Torre di Amalfi is located just ten minutes' from the beach by coach or you can make wonderful promenades in the village. You can also arrive in Amalfi by steps. Quiet and peaceful, the residence has easy access to all amenities, including the local market, and many excellent restaurants for eating out.
The apartments benefit from its own roof garden and private parking. Leading from the living room is a spacious balcony with stunning sea views and a terrace furnished with a table and chairs to enable you to dine al fresco. With one double and one twin bedroom, the residence is ideal for families and young couples, with plenty in the surrounding area to see during your stay. The location is near to the most important touristique sites like Ravello, Positano, Capri, Sorrento, Ischia, Pompei, Paestum and more.
|Size||Sleeps up to 5, 4 bedrooms|
|Rooms||4 bedrooms, 2 bathrooms of which 2 family bathrooms, Solarium or roof terrace|
|Nearest beach||Amalfi 1 km|
|Nearest travel links||Nearest airport: Salerno 45 km, Nearest railway: Salerno 24 km|
|Family friendly||Great for children of all ages|
|Notes||No pets allowed, No smoking at this property|
|Luxuries||Internet access, DVD player, Sea view|
|General||Air conditioning, TV, Wi-Fi available|
|Standard||Kettle, Toaster, Iron, Hair dryer|
|Utilities||Cooker, Fridge, Freezer, Washing machine|
|Furniture||Double Beds (2), Single Beds (1), Dining seats for 6, Lounge seats for 6|
|Other||Linen provided, Towels provided|
|Outdoors||Balcony or terrace, Private garden, BBQ|
|Access||Secure parking, Not suitable for wheelchair users|
Campania is a region of southern Italy in Europe. The region has a population of around 5.8 million people, making it the second-most-populous region of Italy, its total area of 13,595 km² makes it the most densely populated region in the country. Located on the Italian Peninsula, with the Tyrrhenian Sea to the west, the small Flegrean Islands and Capri are also administratively part of the region.

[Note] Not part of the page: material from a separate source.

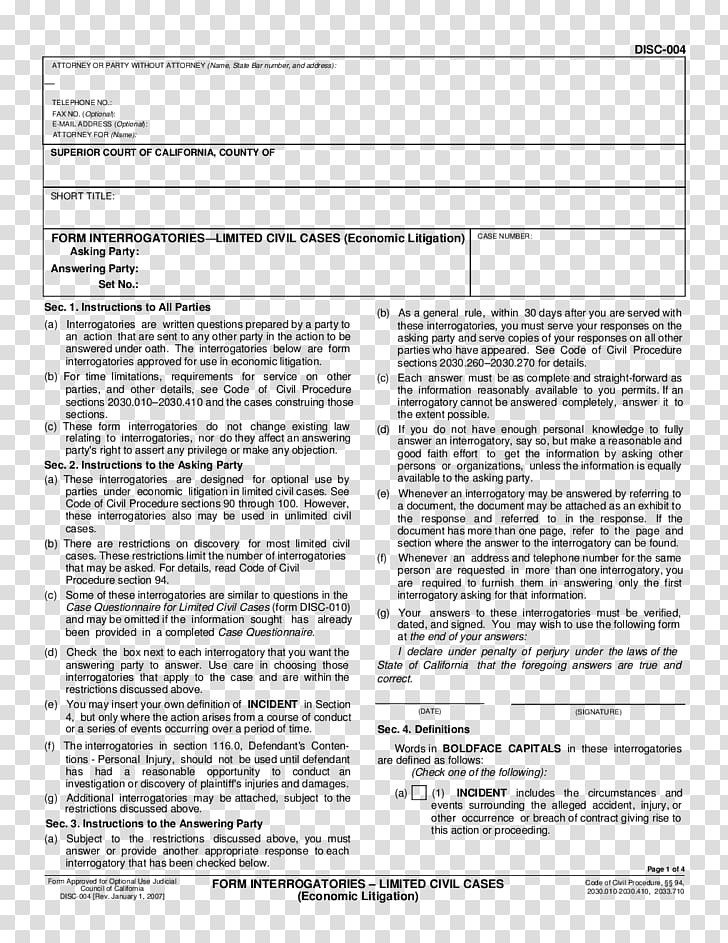 Interrogatories Discovery Document Form Law, Civil Case transparent background PNG clipart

Throughout much of its history Campania has been at the centre of Western Civilisation's most significant entities. The area was colonised by Ancient Greeks and was within Magna Gręcia, until the Roman Republic began to dominate. During the Roman era the area was highly respected as a place of culture by the emperors, where it balanced Greco-Roman culture. The area had many duchies and principalities during the Middle Ages, in the hands of the Byzantine Empire and some Lombards.
It was under the Normans that the smaller independent states were brought together as part of a sizable European kingdom, known as the Kingdom of Sicily, before the mainland broke away to form the Kingdom of Naples. It was during this period that especially elements of Spanish, French and Aragonese culture touched Campania. Later the area became the central part of the Two Sicilies under the Bourbons, until the Italian unification of 1860 when it became part of the new state Italy.
The capital city of Campania is Naples. Campania is rich in culture, especially in regards to gastronomy, music, architecture, archeological and ancient sites such as Pompeii, Herculaneum and Paestum. The name of Campania itself is derived from Latin, as the Romans knew the region as Campania felix, which translates into English as "fertile countryside". The rich natural sights of Campania make it highly important in the tourism industry, especially along the Amalfi Coast, Mount Vesuvius and the island of Capri.
Amalfi is a town and commune in the province of Salerno, in the region of Campania, Italy, on the Gulf of Salerno, 24 miles (39 km) southeast of Naples. It lies at the mouth of a deep ravine, at the foot of Monte Cerreto (1,315 metres, 4,314 feet), surrounded by dramatic cliffs and coastal scenery. The town of Amalfi was the capital of the Maritime Republic of Amalfi, an important trading power in the Mediterranean between 839 and around 1200.
In the 1920s and 1930s, Amalfi was a popular holiday destination for the British upper class and aristocracy.
Amalfi occupied a high position in medieval architecture; its cathedral of Sant' Andrea, of the eleventh century, the campanile, the convent of the Capuccini, founded by Cardinal Capuano, richly represent the artistic movement prevailing in Southern Italy at the time of the Normans, with its tendency to blend the Byzantine style with the forms and sharp lines of the northern architecture.
In 1206 Saint Andrew's relics were brought to Amalfi from Constantinople by the Amalfitan Pietro, cardinal of Capua, following the Sack of Constantinople by the Crusaders after the completion of the town's cathedral. The cathedral, dedicated to St. Andrew (as is the town itself), contains a tomb in its crypt that it maintains still holds a portion of the relics of the apostle. A golden reliquary which originally housed his skull and another one used for processions through Amalfi on holy days can also be seen.
During Mass on these holy days, St Andrew's relics are said to exude a liquid called "St. Andrew's Manna". The faithful are anointed with the liquid, and many believe it to be miraculous.